Below, locate the line that contains "Zhizhou Hat Women's". Repeat exactly from that line to the line that contains "black casual closed booties", inclusive, leaving out the pictures.

[Brief descriptive captions]
·····

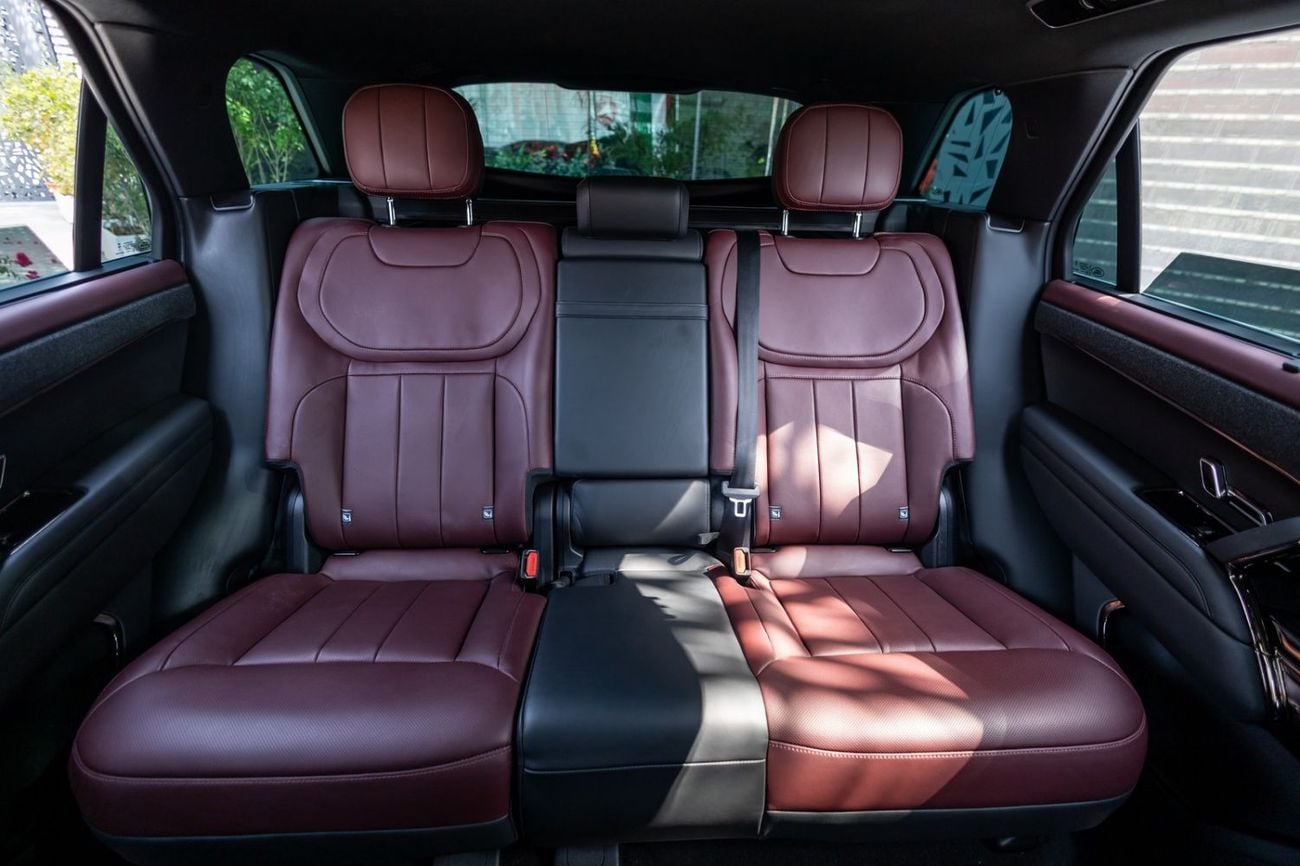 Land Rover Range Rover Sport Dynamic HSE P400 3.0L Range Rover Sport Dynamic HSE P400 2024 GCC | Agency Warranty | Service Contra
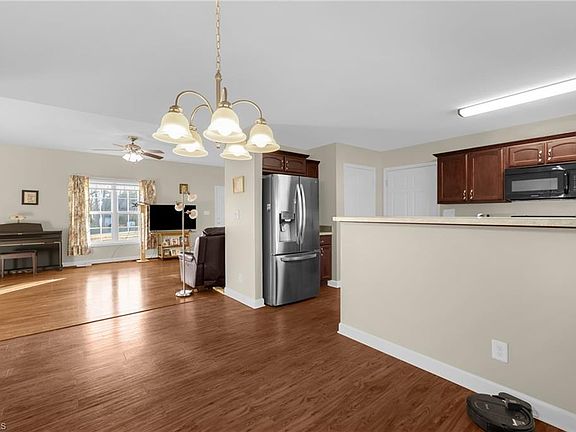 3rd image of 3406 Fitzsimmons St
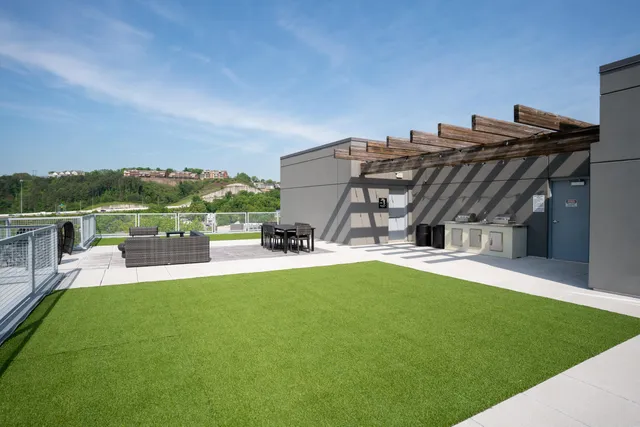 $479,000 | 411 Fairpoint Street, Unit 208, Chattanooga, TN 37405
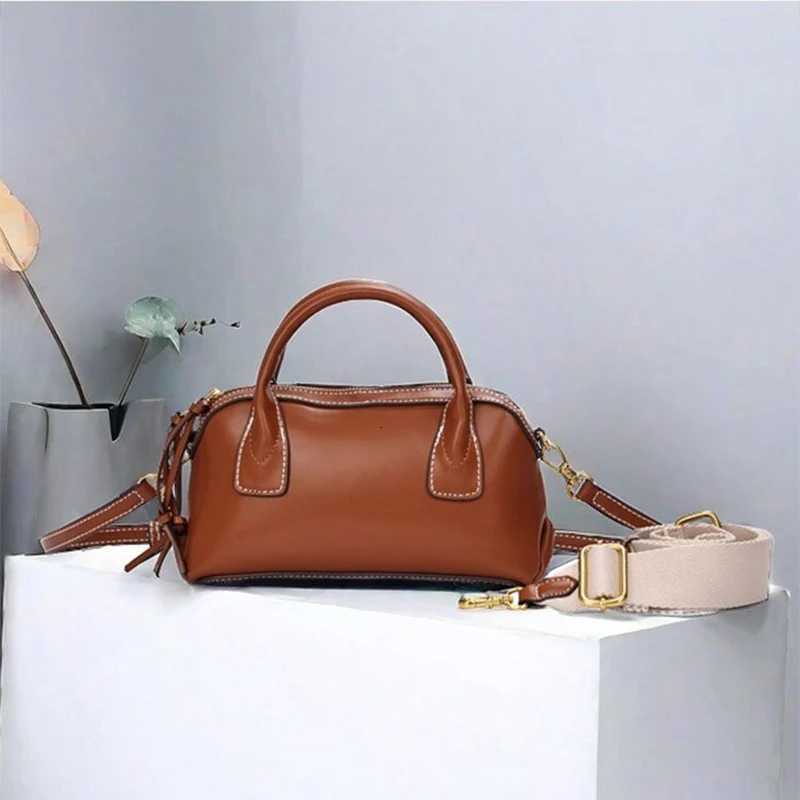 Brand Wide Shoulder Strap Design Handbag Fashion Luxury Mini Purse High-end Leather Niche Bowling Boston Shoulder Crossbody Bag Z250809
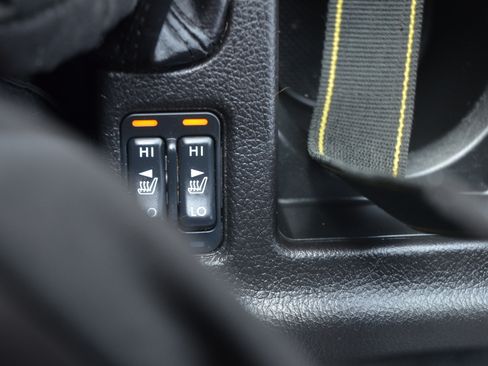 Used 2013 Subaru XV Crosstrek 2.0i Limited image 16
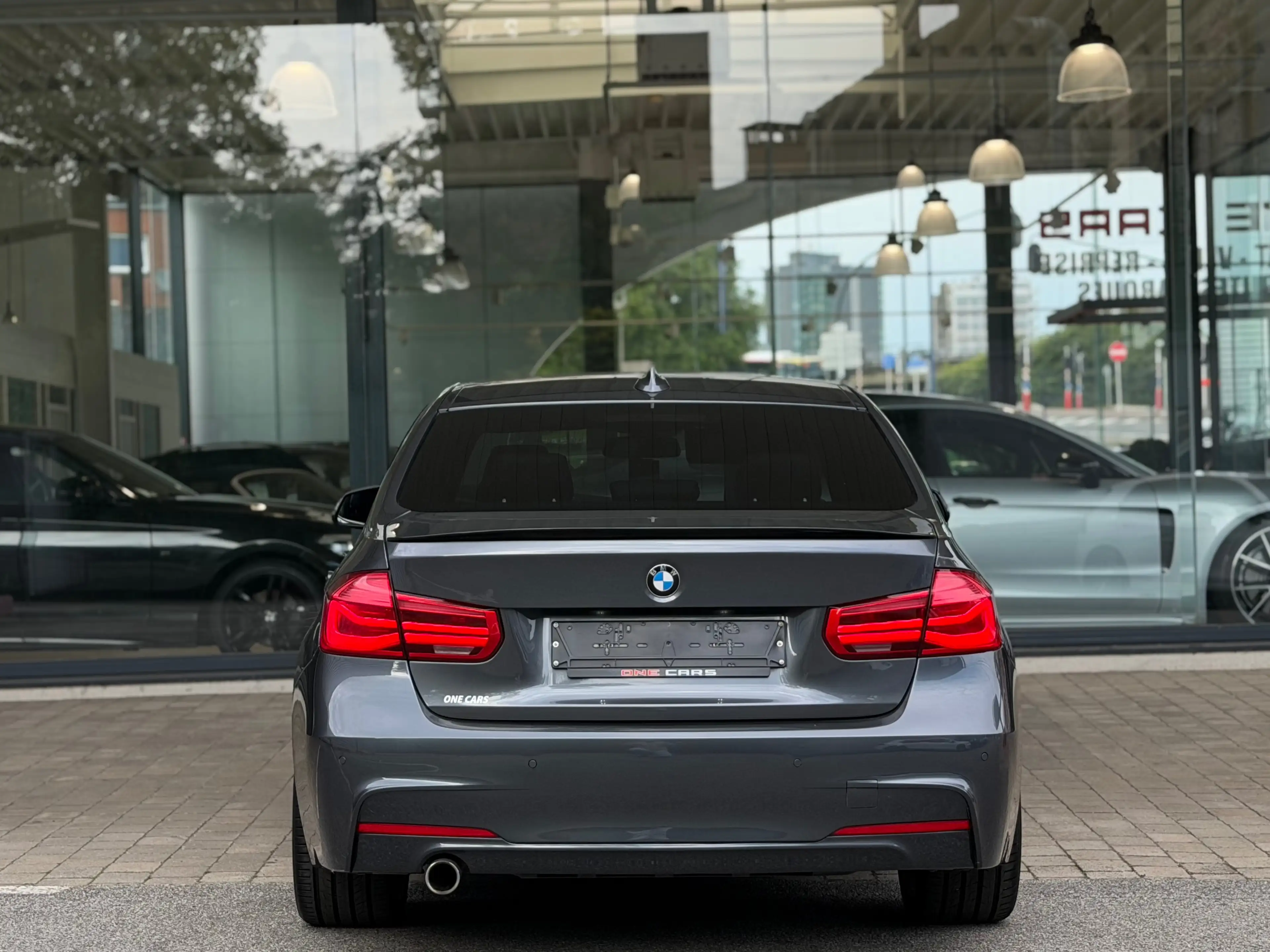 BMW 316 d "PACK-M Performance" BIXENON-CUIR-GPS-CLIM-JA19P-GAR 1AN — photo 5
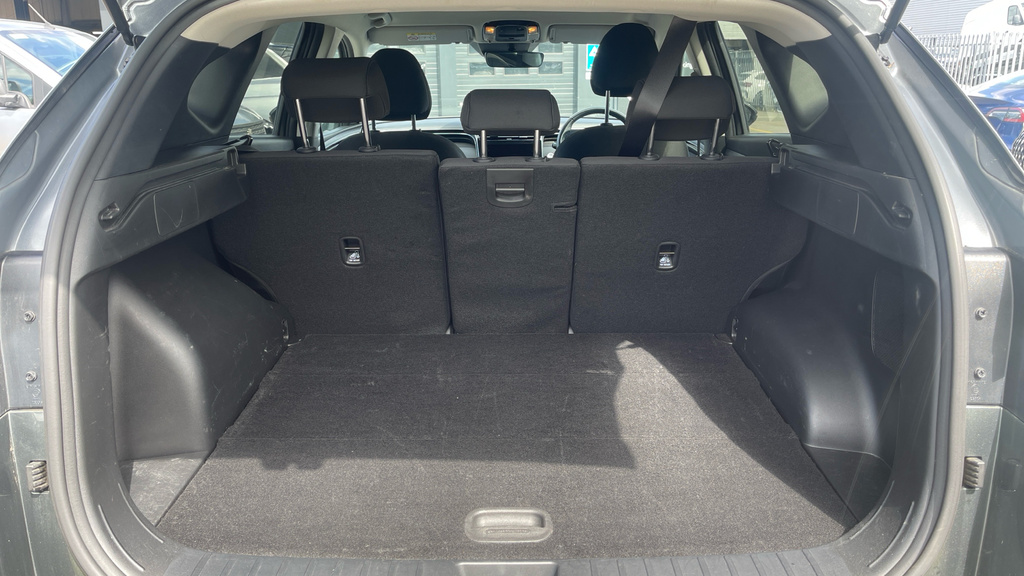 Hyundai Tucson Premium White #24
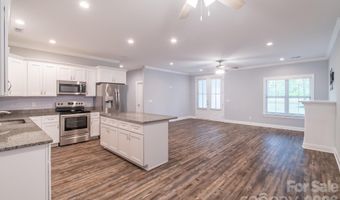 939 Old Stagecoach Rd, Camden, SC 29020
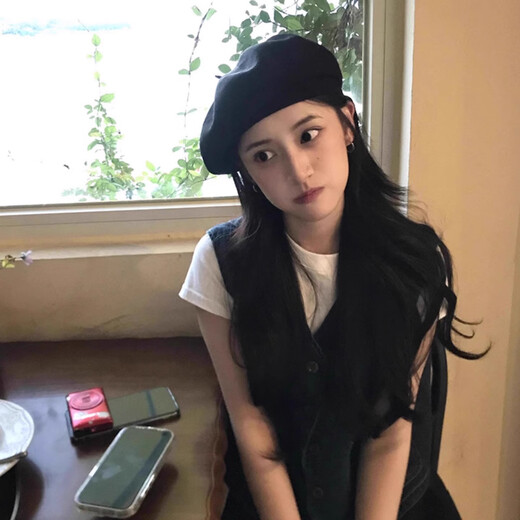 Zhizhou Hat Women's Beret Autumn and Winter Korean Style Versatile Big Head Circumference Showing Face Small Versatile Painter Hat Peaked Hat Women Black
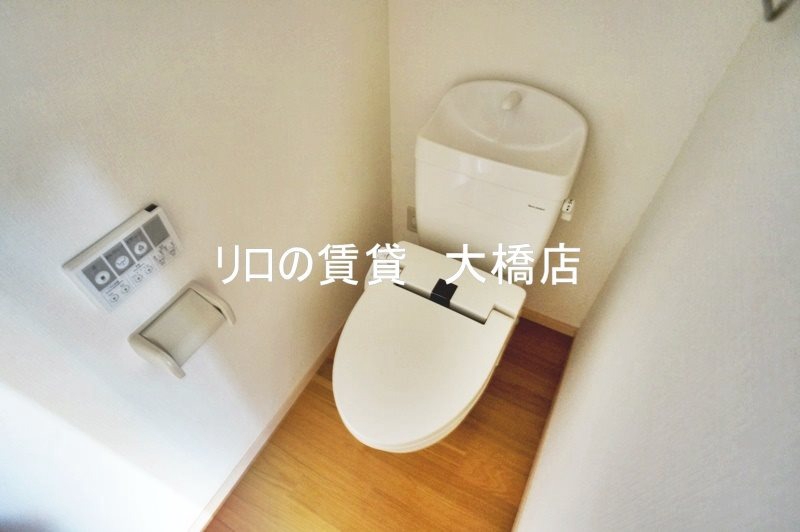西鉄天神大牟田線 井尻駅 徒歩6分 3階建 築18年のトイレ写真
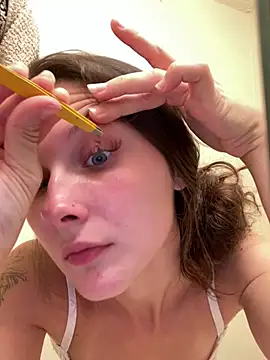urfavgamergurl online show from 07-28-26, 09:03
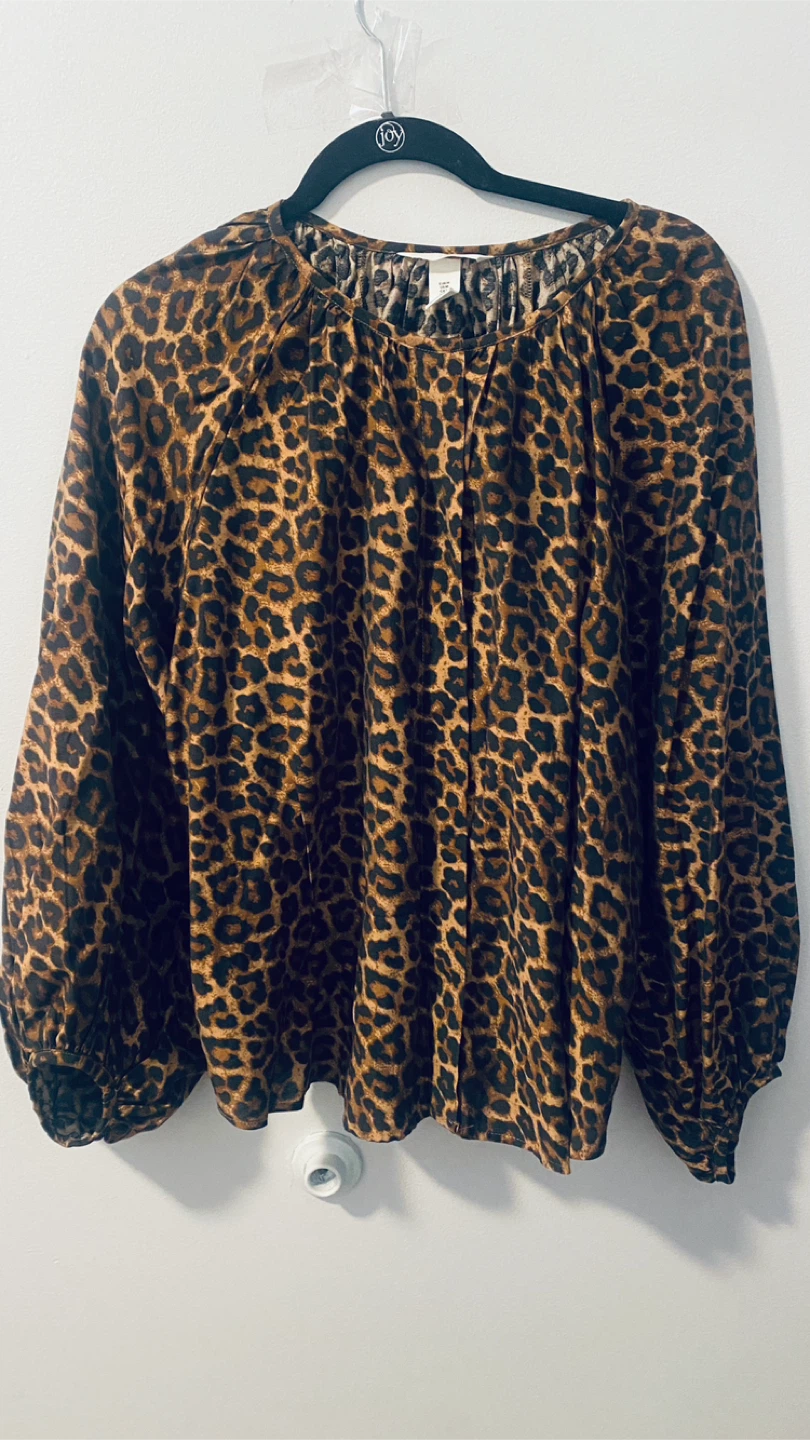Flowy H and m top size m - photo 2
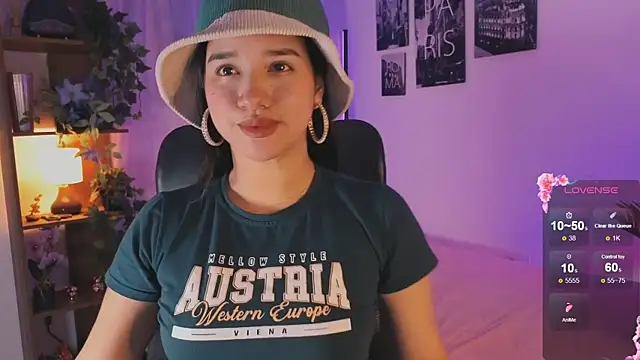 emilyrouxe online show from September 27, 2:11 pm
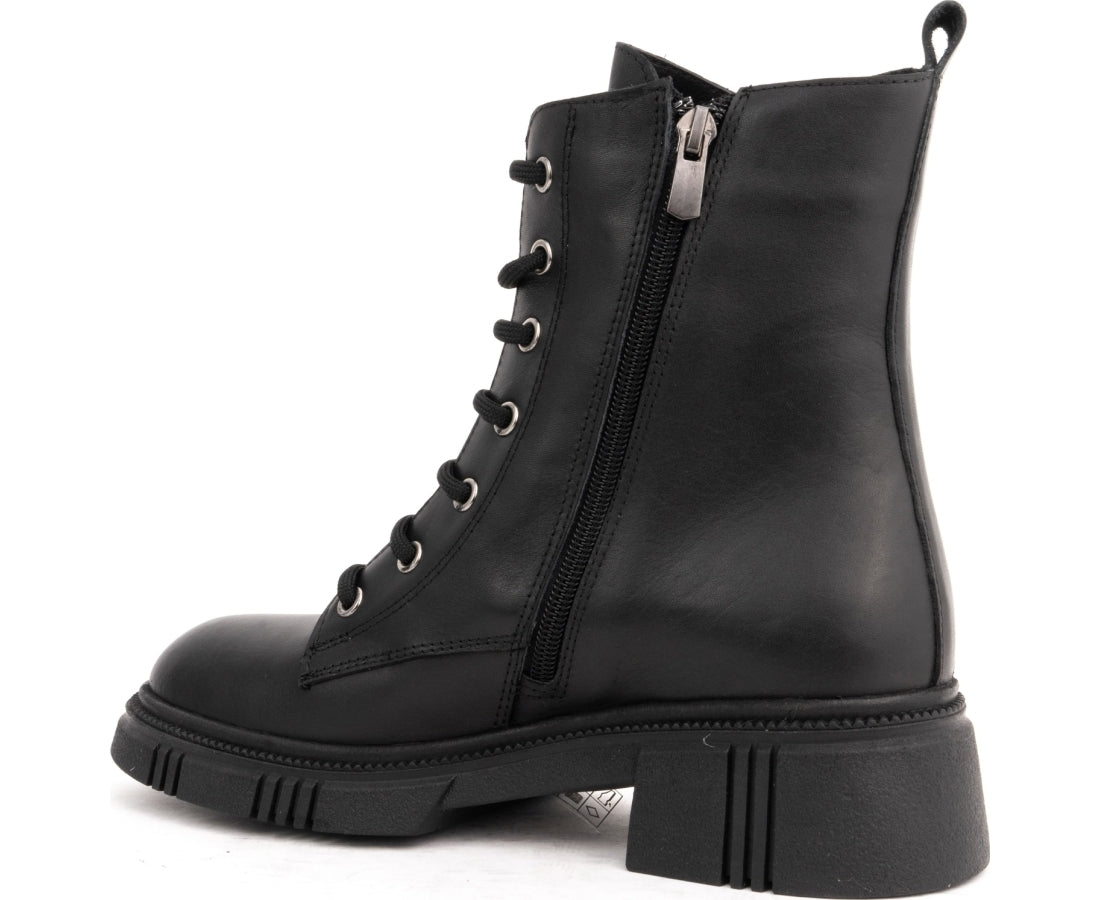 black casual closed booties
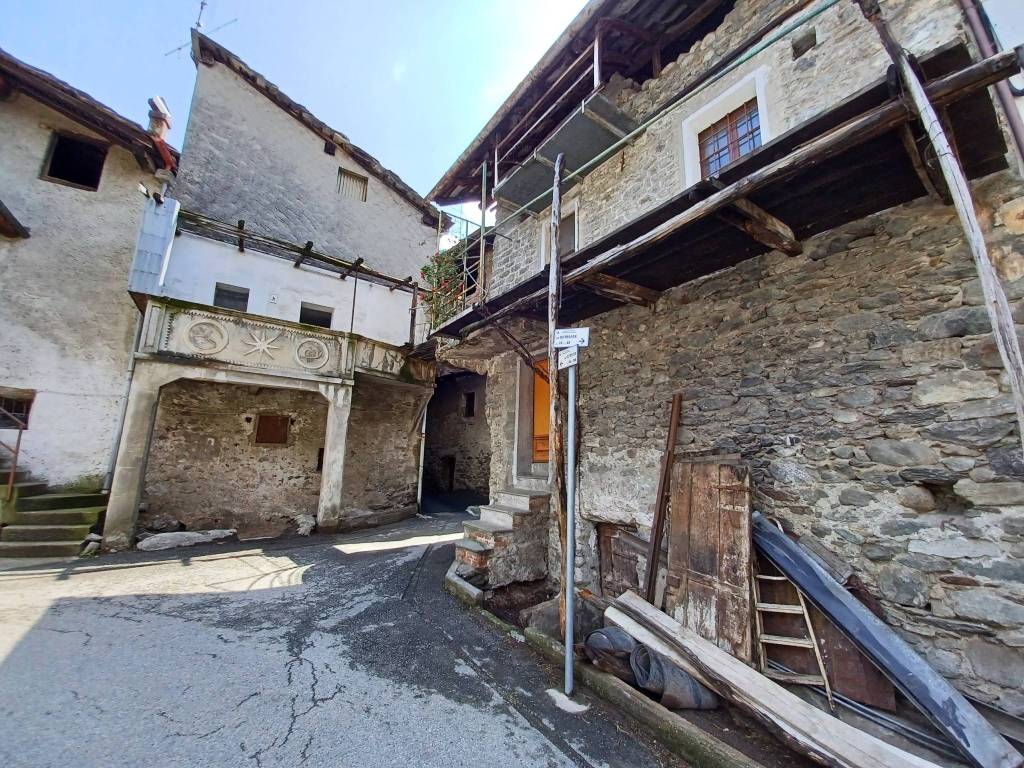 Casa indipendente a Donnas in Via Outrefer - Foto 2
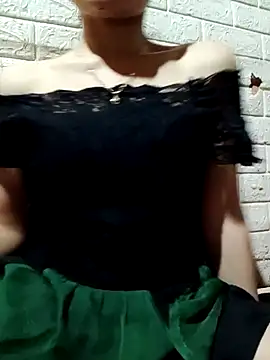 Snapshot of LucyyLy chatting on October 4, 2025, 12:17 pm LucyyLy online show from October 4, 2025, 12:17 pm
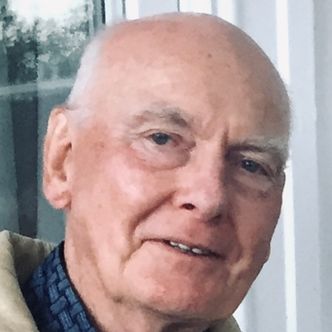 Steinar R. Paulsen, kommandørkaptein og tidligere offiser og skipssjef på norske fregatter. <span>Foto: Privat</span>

·····

## [WRITTEN REPLY]
 Zhizhou Hat Women's Beret Autumn and Winter Korean Style Versatile Big Head Circumference Showing Face Small Versatile Painter Hat Peaked Hat Women Black
西鉄天神大牟田線 井尻駅 徒歩6分 3階建 築18年のトイレ写真
urfavgamergurl online show from 07-28-26, 09:03
Flowy H and m top size m - photo 2
 emilyrouxe online show from September 27, 2:11 pm
 black casual closed booties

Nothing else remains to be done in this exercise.